» **ABOUT THIS TASK**
Each line of the listing below must be set down exactly.
===== DATA SEGMENT
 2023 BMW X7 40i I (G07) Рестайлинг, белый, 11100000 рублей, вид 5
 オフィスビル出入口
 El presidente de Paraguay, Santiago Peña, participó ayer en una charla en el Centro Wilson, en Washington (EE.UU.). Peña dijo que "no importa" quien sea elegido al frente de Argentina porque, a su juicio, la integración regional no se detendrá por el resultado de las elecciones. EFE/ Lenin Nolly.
==========
» **EXPECTED OUTPUT**
 2023 BMW X7 40i I (G07) Рестайлинг, белый, 11100000 рублей, вид 5
 オフィスビル出入口
 El presidente de Paraguay, Santiago Peña, participó ayer en una charla en el Centro Wilson, en Washington (EE.UU.). Peña dijo que "no importa" quien sea elegido al frente de Argentina porque, a su juicio, la integración regional no se detendrá por el resultado de las elecciones. EFE/ Lenin Nolly.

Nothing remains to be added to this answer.